In its ruling, the US Supreme Court also ruled that biosimilar applicants cannot be forced under federal law to engage in the BPCIA’s information-exchange framework, including through a federal injunction compelling compliance. The Court, however, left open the possibility of state remedies for a sponsor company to seek such an injunction, and remanded the case back to the United States Court of Appeals for the Federal Circuit to determine whether a state-law injunction is available.
In the most recent case with United States Court of Appeals for the Federal Circuit, Amgen argued that Sandoz had waived its preemption defense to its state-law claims, and that federal law did not preempt state-law remedies for applicants that fail to comply with the BPCIA’s information-sharing requirements. In turn, Sandoz argued that Amgen was not able to use such state-law claims. Specifically, Amgen argued that (1) Sandoz waived its preemption defense to its state law claims; (2) the BPCIA does not preempt state-law remedies for failure to comply with Section 262(l)(2)(A); and (3) failure to comply with Sec. 262(l)(2)(A) is both “unlawful” under California law and an act of conversion.

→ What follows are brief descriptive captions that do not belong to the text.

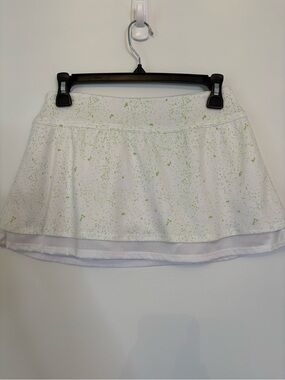 Grand Slam White Skirt with Light Green Splatter
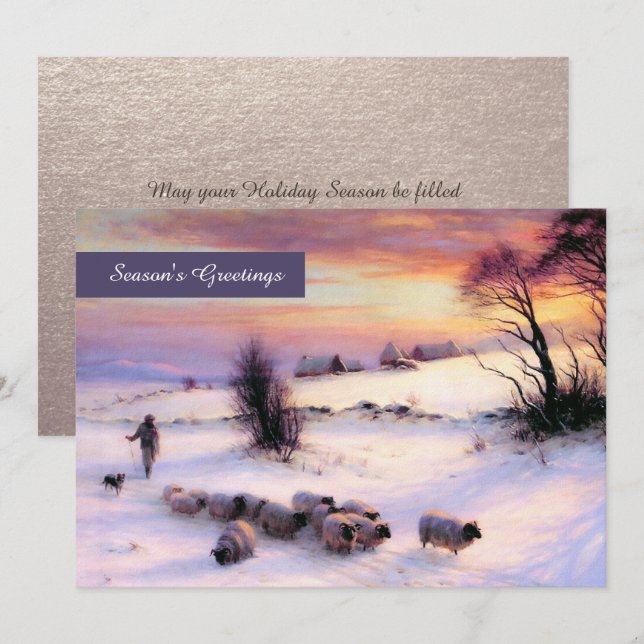 Winter Scene Fine Art Custom Flat Christmas Cards (Front/Back)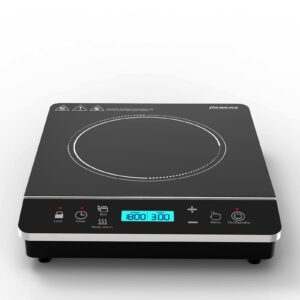 panana portable induction cooktop, 1800 watts induction burner with lcd sensor touch, induction hot plate with safety shutoff function for cooking, single (blue lcd dispaly - silver)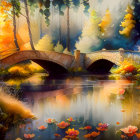 Colorful Autumn Forest Scene: Stone Bridge Over Calm River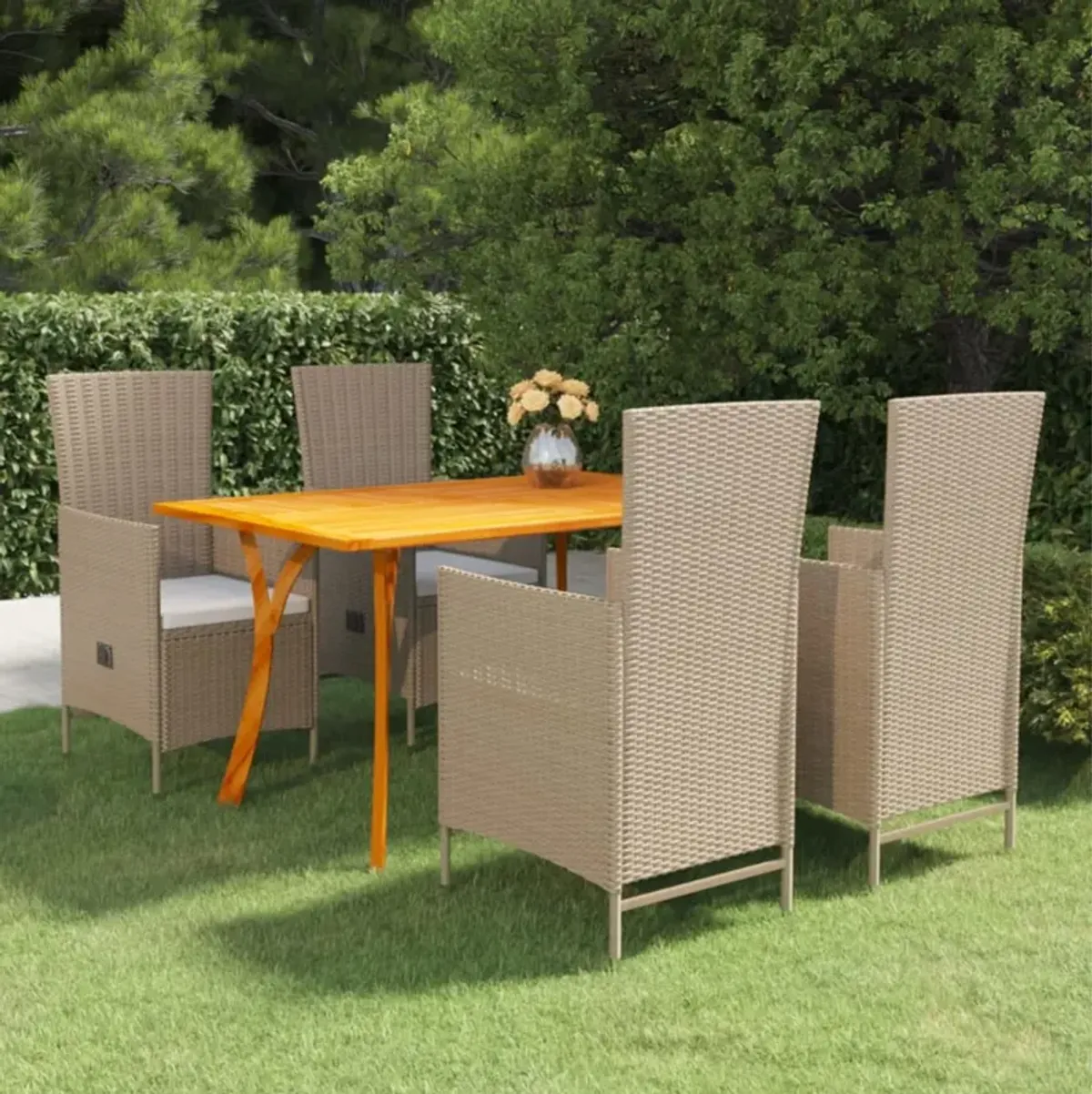 vidaXL 5 Piece Garden Dining Set Beige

Sandoz argued that (1) the US Supreme Court has discretion to address preemption; (2) both field and conflict preemption bar Amgen’s state-law claims; (3) Amgen’s state-law claims fail under California law; and (4) Amgen abandoned its conversion claim.
In its December 2017 ruling, the United States Court of Appeals for the Federal Circuit affirmed the dismissal of Amgen’s unfair competition and conversion claims, and that Amgen’s state-law claims are preempted on both field and conflict grounds.